Step by step solution

01

Understand the Problem

The system of differential equations is given as \( \mathbf{x}^{\prime}=\mathbf{A} \mathbf{x} \), where \( \mathbf{A} = \begin{bmatrix} 9 & -1 \ 9 & 3 \end{bmatrix} \). We need to find the type of the equilibrium point at the origin by determining the eigenvalues of \( \mathbf{A} \).
02

Find the Eigenvalues of A

To find the eigenvalues, solve the characteristic equation: \( \det(\mathbf{A} - \lambda \mathbf{I}) = 0 \). \( \mathbf{I} \) is the identity matrix.
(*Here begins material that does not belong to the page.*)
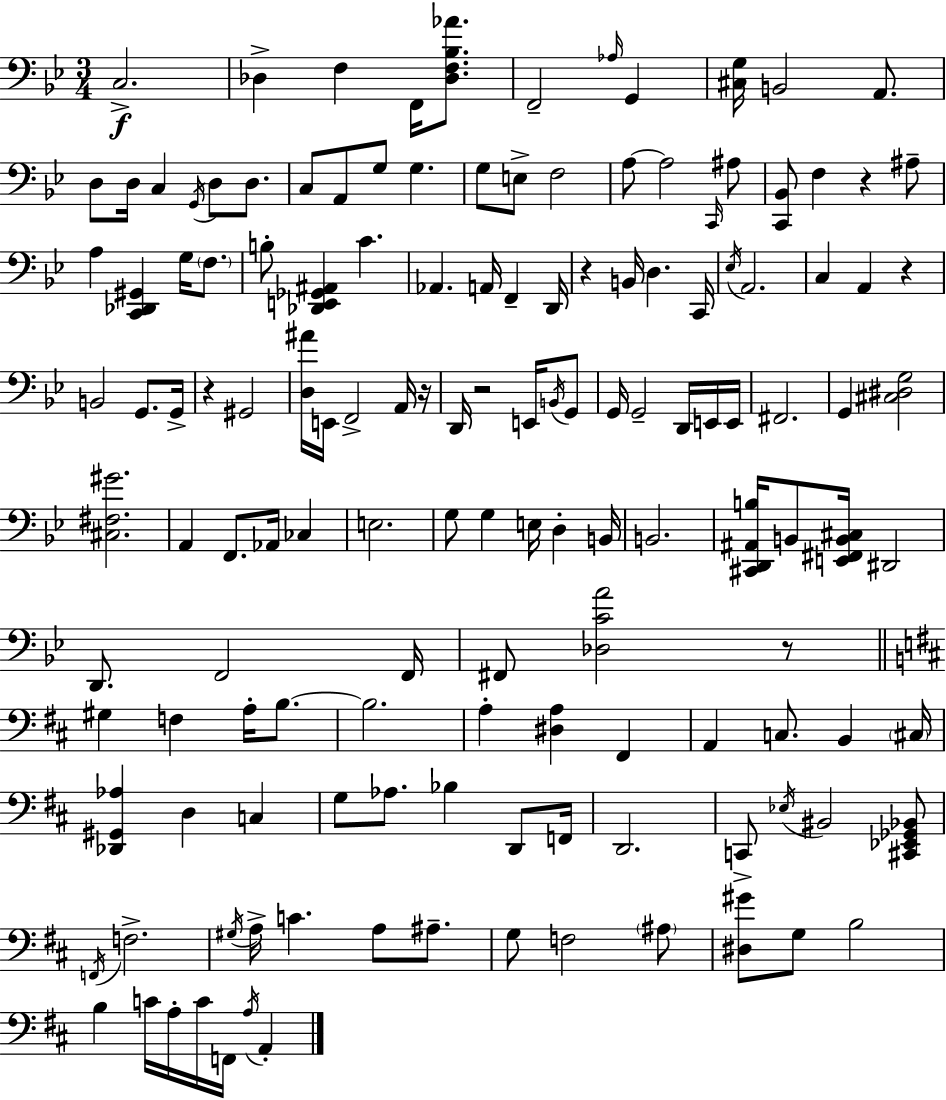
C3/h. Db3/q F3/q F2/s [Db3,F3,Bb3,Ab4]/e. F2/h Ab3/s G2/q [C#3,G3]/s B2/h A2/e. D3/e D3/s C3/q G2/s D3/e D3/e. C3/e A2/e G3/e G3/q. G3/e E3/e F3/h A3/e A3/h C2/s A#3/e [C2,Bb2]/e F3/q R/q A#3/e A3/q [C2,Db2,G#2]/q G3/s F3/e. B3/e [Db2,E2,Gb2,A#2]/q C4/q. Ab2/q. A2/s F2/q D2/s R/q B2/s D3/q. C2/s Eb3/s A2/h. C3/q A2/q R/q B2/h G2/e. G2/s R/q G#2/h [D3,A#4]/s E2/s F2/h A2/s R/s D2/s R/h E2/s B2/s G2/e G2/s G2/h D2/s E2/s E2/s F#2/h. G2/q [C#3,D#3,G3]/h [C#3,F#3,G#4]/h. A2/q F2/e. Ab2/s CES3/q E3/h. G3/e G3/q E3/s D3/q B2/s B2/h. [C#2,D2,A#2,B3]/s B2/e [E2,F#2,B2,C#3]/s D#2/h D2/e. F2/h F2/s F#2/e [Db3,C4,A4]/h R/e G#3/q F3/q A3/s B3/e. B3/h. A3/q [D#3,A3]/q F#2/q A2/q C3/e. B2/q C#3/s [Db2,G#2,Ab3]/q D3/q C3/q G3/e Ab3/e. Bb3/q D2/e F2/s D2/h. C2/e Eb3/s BIS2/h [C#2,Eb2,Gb2,Bb2]/e F2/s F3/h. G#3/s A3/s C4/q. A3/e A#3/e. G3/e F3/h A#3/e [D#3,G#4]/e G3/e B3/h B3/q C4/s A3/s C4/s F2/s A3/s A2/q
This gives:\[\begin{vmatrix}9 - \lambda & -1 \9 & 3 - \lambda\end{vmatrix} = (9-\lambda)(3-\lambda) + 9 = 0\]\[\lambda^2 - 12\lambda + 36 = 0\]Solve the quadratic equation to get the eigenvalues.
03

Solve the Quadratic Equation

The characteristic equation is \( \lambda^2 - 12\lambda + 36 = 0 \). Using the quadratic formula \( \lambda = \frac{-b \pm \sqrt{b^2-4ac}}{2a} \), with \( a = 1, b = -12, c = 36 \), compute:\[\lambda = \frac{12 \pm \sqrt{144 - 144}}{2} = \frac{12}{2} = 6\]Both eigenvalues are 6, indicating a repeated, or double, eigenvalue.
04

Determine the Type of Equilibrium Point

With a repeated eigenvalue of 6, check the matrix \( \mathbf{A} \) for diagonalizability. If it's not diagonalizable, we classify the point based on the Jordan form. Since 6 is real and the eigenvalue algebraic multiplicity (2) equals geometric multiplicity (1 if \( \mathbf{A} \) is not diagonalizable), it's a defective node.
05

Use Technology for Plotting

Using pplane6 or similar, input the linear system to plot solution curves. Observing straight line solutions will confirm the type of equilibrium as determined without technological aid. A non-diagonalizable system with these eigenvalues will exhibit behavior typical of a proper or improper node allowing verification using the technology.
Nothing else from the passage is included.